Detection and Pose Estimation of flat, Texture-less Industry Objects on HoloLens using synthetic Training
Thomas Pöllabauer, Fabian Rücker, Andreas Franek, Felix Gorschlüter
TL;DR
The paper tackles the problem of real-time 6D pose estimation for flat, texture-less industrial objects on edge devices by leveraging synthetic training data derived from manufacturing documents. It presents a client-server AR pipeline that uses YOLOv5 for detection and CosyPose for pose estimation, trained entirely on synthetic renders generated from 2D manufacturing schematics converted into 3D meshes. The approach achieves strong detection recall and competitive pose estimation on real HoloLens 2 data, while acknowledging latency from backend processing and the domain gap between synthetic and real imagery.
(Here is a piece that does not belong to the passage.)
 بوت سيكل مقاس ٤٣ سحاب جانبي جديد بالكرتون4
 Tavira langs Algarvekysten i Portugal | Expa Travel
It also provides a modular framework with clear avenues for improving on-device inference, incorporating frontend tracking, and expanding the dataset to better handle challenging objects and motion conditions.
Abstract
Current state-of-the-art 6d pose estimation is too compute intensive to be deployed on edge devices, such as Microsoft HoloLens (2) or Apple iPad, both used for an increasing number of augmented reality applications. The quality of AR is greatly dependent on its capabilities to detect and overlay geometry within the scene. We propose a synthetically trained client-server-based augmented reality application, demonstrating state-of-the-art object pose estimation of metallic and texture-less industry objects on edge devices. Synthetic data enables training without real photographs, i.e. for yet-to-be-manufactured objects. Our qualitative evaluation on an AR-assisted sorting task, and quantitative evaluation on both renderings, as well as real-world data recorded on HoloLens 2, sheds light on its real-world applicability.